The Road to Conscious Machines is an accessible and highly readable history of artificial intelligence

As the respected computer scientist Michael Wooldridge explains, AI is the story of an effort to impose the order of mathematics on to the messiness of the real world.  

By Will Dunn

In 2016, the animator Hayao Miyazaki – director of the films My Neighbour Totoro and Spirited Away – was invited to visit a video games company in Japan called Dwango. The technologists at the company wanted to build “a machine that can draw pictures like humans do”. Using software called “deep learning”, the team had created a 3D model of a human body that had taught ­itself to move around – albeit in an odd, inhuman manner. The technologists hoped the great director would be impressed by their creation – a character that could animate itself. Miyazaki watched the demonstration in silence, thought for a few moments, and then told them: “I am utterly disgusted. I would never wish to incorporate this technology into my work… I feel strongly that this is an insult to life itself.”

Why do we worry about artificial intelligence? Beyond fears that AI might make us redundant, brainwash us or blow us up – concerns that are not in themselves trivial – there is a more fundamental revulsion.

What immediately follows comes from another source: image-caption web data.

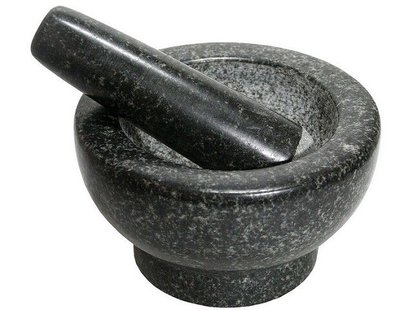 Inno Cuisinno - vijzel graniet - 18 cm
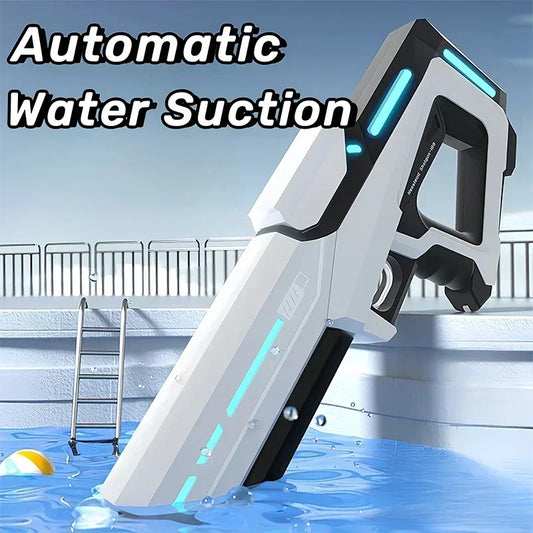 Electric Water Gun for Kids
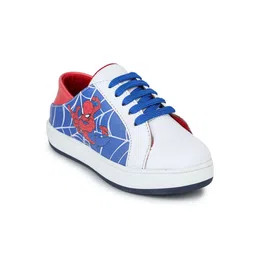 toothless Boys Spider-Man Printed Sneakers-picture-17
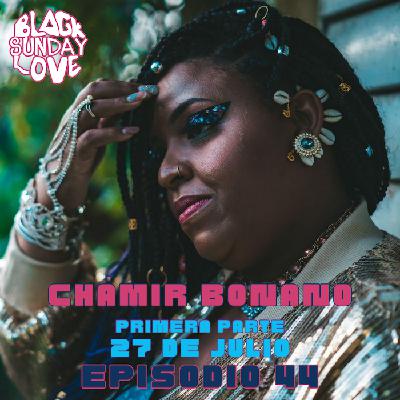 Black Sunday Love: Episodio 44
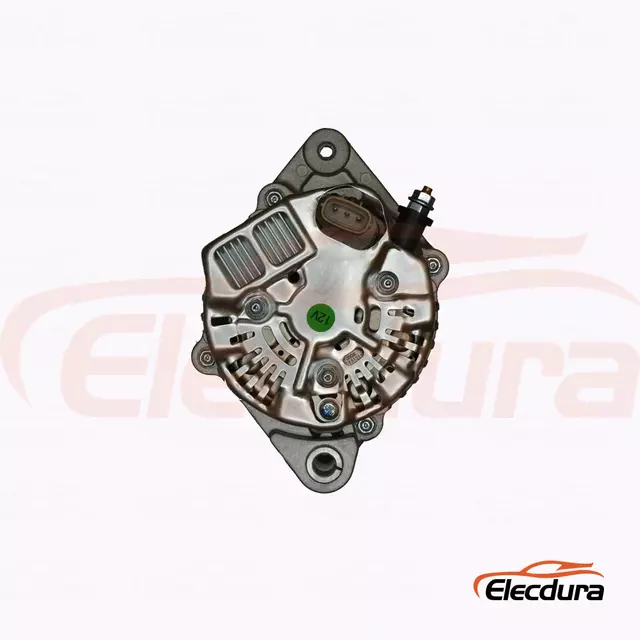 Compra de reemplazo de alternador de servicio pesado 27060-BZ060 para Daihatsu 12V 70A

The price of technological progress is what Marx called Entfremdung – our estrangement from other people, our work and our possessions. Humans have ­outsourced their morality to God, their creativity to their employers, their desires to Amazon and their friendships to social media. The last unalienated part of human life is thought itself, and the proposal that machines could do our thinking for us ­is a threat to that which is most essential to our humanity.

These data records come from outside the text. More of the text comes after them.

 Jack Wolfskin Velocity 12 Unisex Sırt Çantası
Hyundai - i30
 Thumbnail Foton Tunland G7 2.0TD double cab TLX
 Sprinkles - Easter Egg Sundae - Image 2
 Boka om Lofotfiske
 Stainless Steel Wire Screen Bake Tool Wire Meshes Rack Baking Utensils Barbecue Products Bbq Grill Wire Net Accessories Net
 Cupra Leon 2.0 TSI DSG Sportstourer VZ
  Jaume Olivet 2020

[see also: Why we need to get AI right from the start]

Fortunately, as the respected computer scientist Michael Wooldridge illustrates in this accessible and highly readable explanation of the field, most people who make large claims about AI either don’t understand it or are deliberately making things up. For more than 80 years, technologists have told investors and the public that thinking machines are about to change everything. These claims are always situated just far enough in the future that no one can do anything but be impressed by the progress they supposedly represent. In 2017, for example, advisers told the UK government that AI would add £630bn to the UK economy by 2035, almost doubling the country’s economic growth. More than four decades earlier, in 1972, a report by James Lighthill, who preceded Stephen Hawking as the Lucasian professor of mathematics at Cambridge University, wondered at fellow “respected scientists” who claimed, with straight faces, that “all-purpose intelligence on a human scale” would be possible by the early 1980s.

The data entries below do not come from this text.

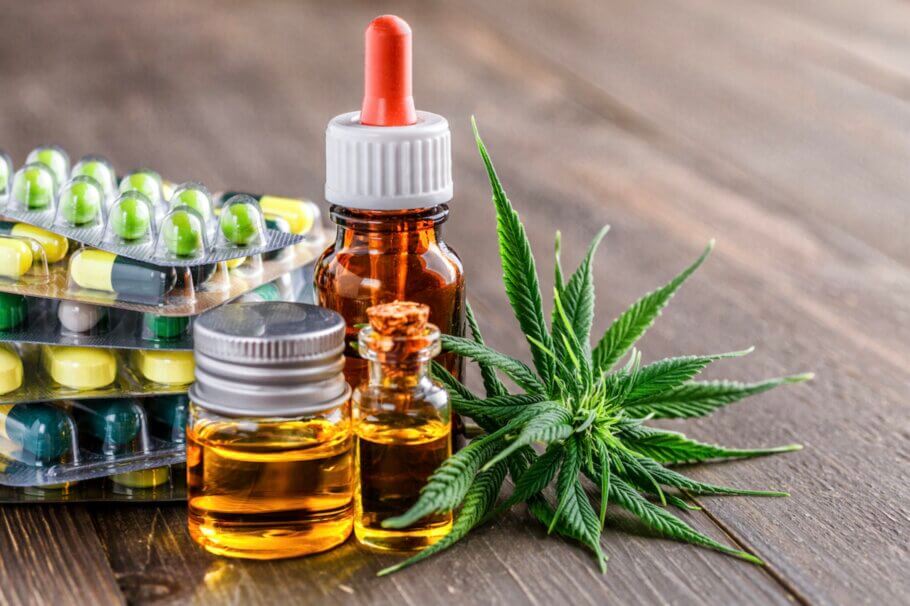 We still have a lot to learn about the therapeutic properties of marijuana, but a promising future awaits us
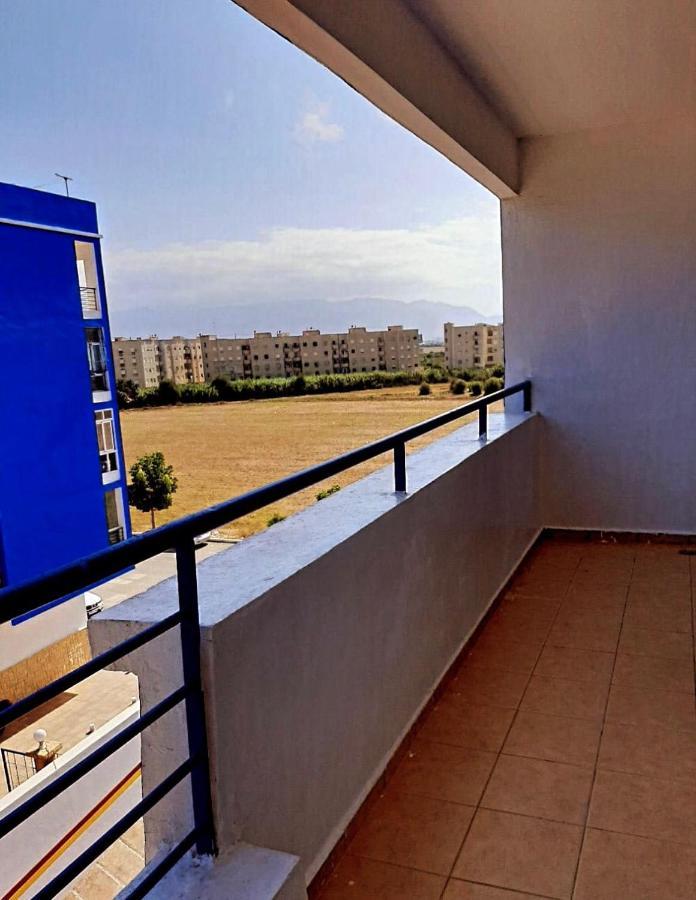 Appartement Basma à Martil Extérieur photo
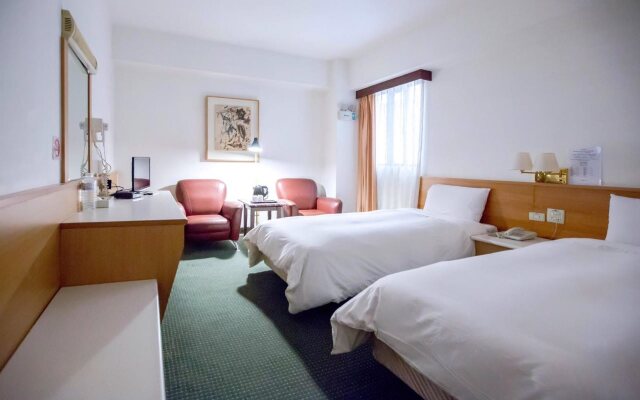 Tien Chin Hotel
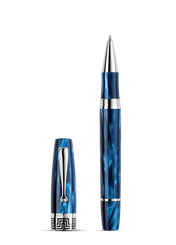 Montegrappa Extra 1930 Rollerball Pen Mediterranean Blue
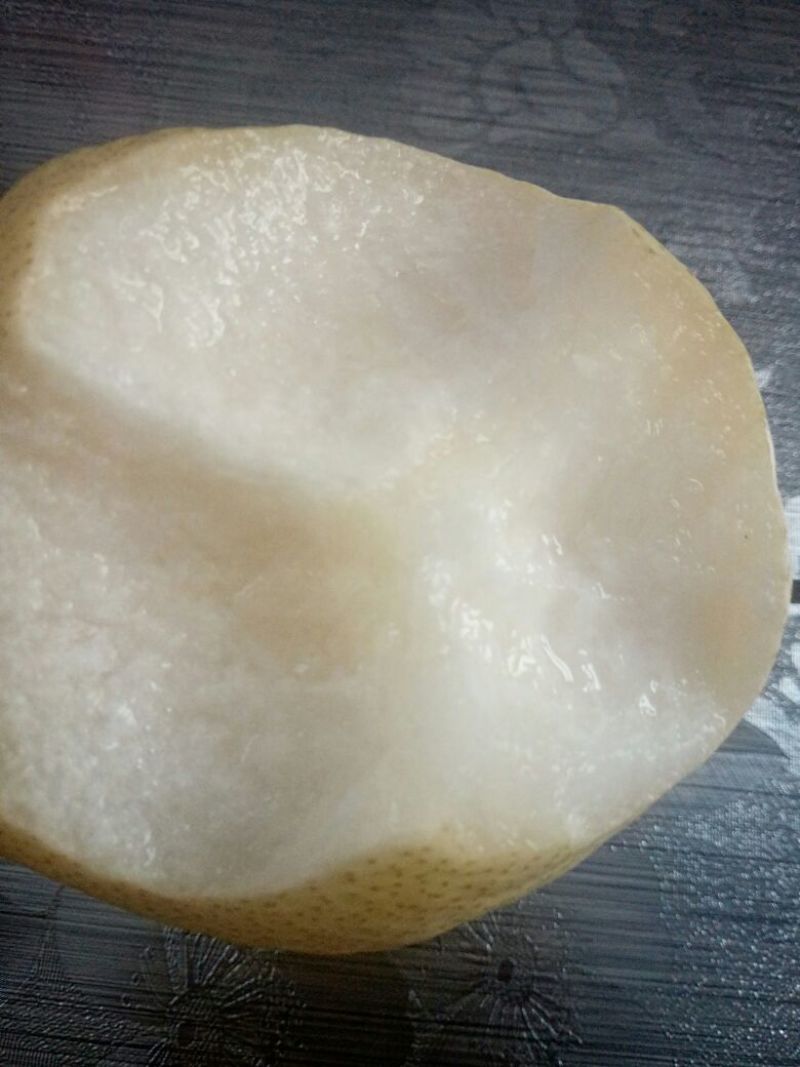 酥梨150~200g纸加膜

The beginning of the AI project was itself an investigation into the impossible. In 1935, Alan Turing set out to solve the Entscheidungsproblem (“decision problem”) posed by the German mathematician David Hilbert at a conference in 1928, which asked whether every question in mathematics can be “decided” – solved with a “yes” or “no” answer. Turing used theoretical computers, called Turing machines, to prove there were indeed problems for which calculation alone could not provide a solution. The race began to compute the incomputable.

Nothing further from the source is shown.